Saved entries
· · · · · · ·

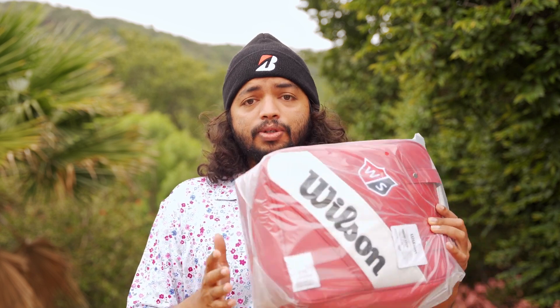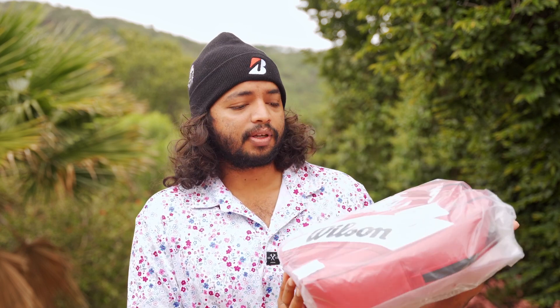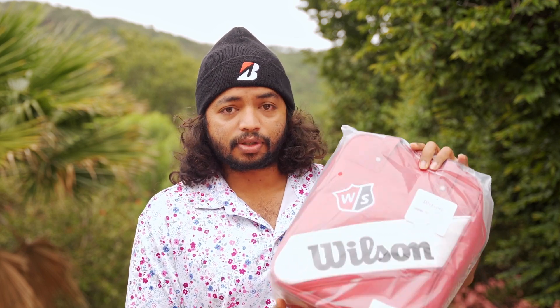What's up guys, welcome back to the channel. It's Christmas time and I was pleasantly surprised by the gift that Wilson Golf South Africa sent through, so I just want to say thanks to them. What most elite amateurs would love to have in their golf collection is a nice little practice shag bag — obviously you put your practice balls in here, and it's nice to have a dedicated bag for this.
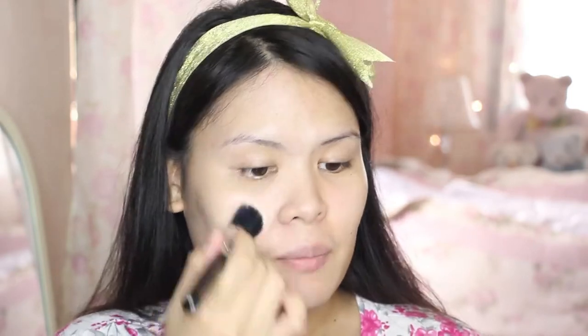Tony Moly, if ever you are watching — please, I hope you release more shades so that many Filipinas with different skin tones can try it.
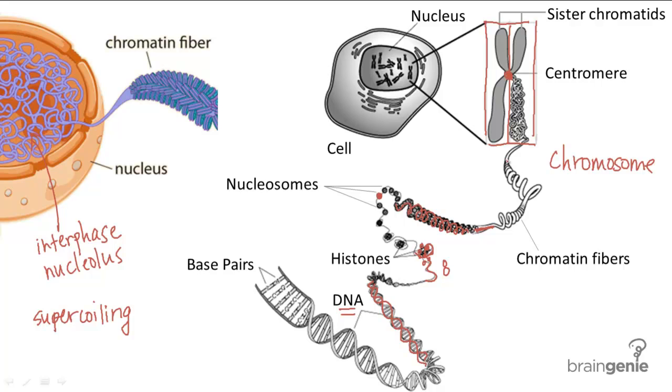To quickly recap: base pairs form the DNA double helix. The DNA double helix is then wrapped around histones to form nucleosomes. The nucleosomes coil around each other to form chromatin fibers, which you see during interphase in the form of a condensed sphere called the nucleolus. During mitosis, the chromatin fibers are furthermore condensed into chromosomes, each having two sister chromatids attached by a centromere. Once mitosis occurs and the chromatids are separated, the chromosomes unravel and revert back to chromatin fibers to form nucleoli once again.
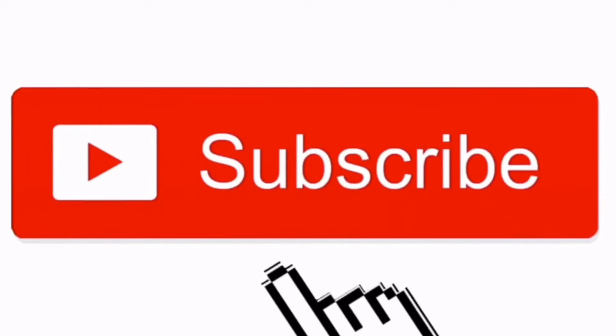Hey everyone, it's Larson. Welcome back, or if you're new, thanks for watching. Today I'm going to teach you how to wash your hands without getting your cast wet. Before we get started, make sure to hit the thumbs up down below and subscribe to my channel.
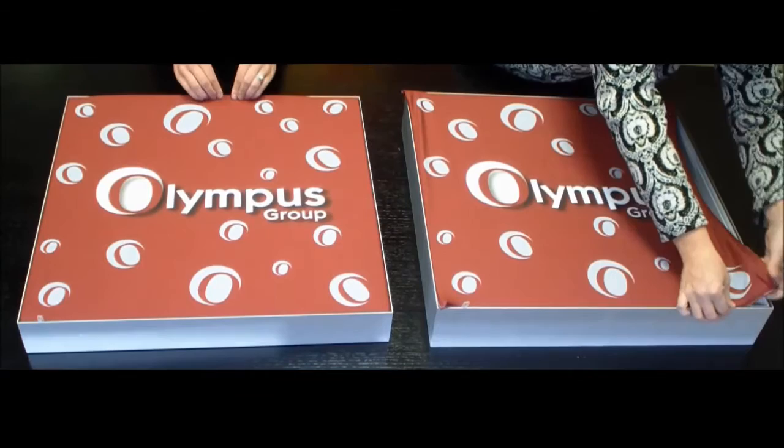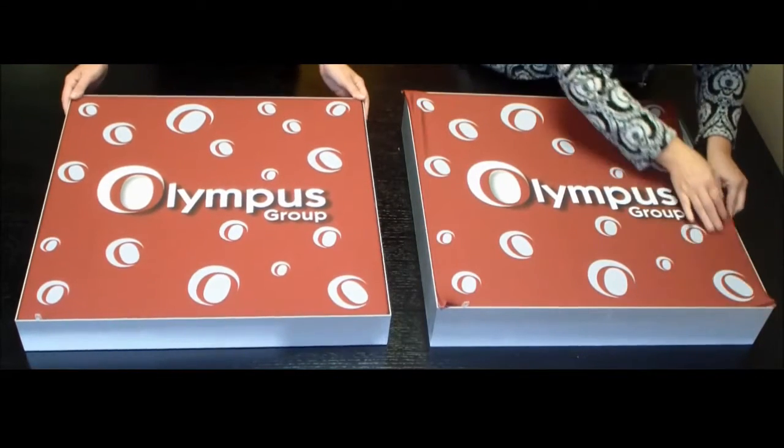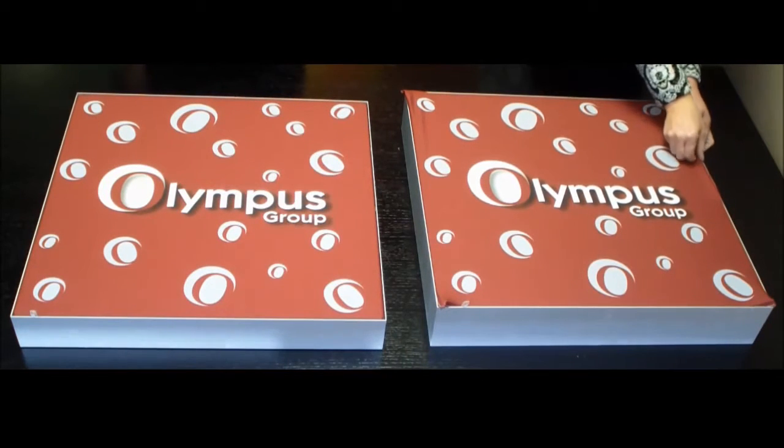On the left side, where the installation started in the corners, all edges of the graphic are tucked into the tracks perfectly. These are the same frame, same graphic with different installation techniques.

· · · · · · ·

Action item> What is needed is a word-for-word copy of the lines from the start of the data to the line with "Tony Moly, if", inclusive, with no pictures in it.

Task answer>
What's up guys, welcome back to the channel. It's Christmas time and I was pleasantly surprised by the gift that Wilson Golf South Africa sent through, so I just want to say thanks to them. What most elite amateurs would love to have in their golf collection is a nice little practice shag bag — obviously you put your practice balls in here, and it's nice to have a dedicated bag for this.
Tony Moly, if ever you are watching — please, I hope you release more shades so that many Filipinas with different skin tones can try it.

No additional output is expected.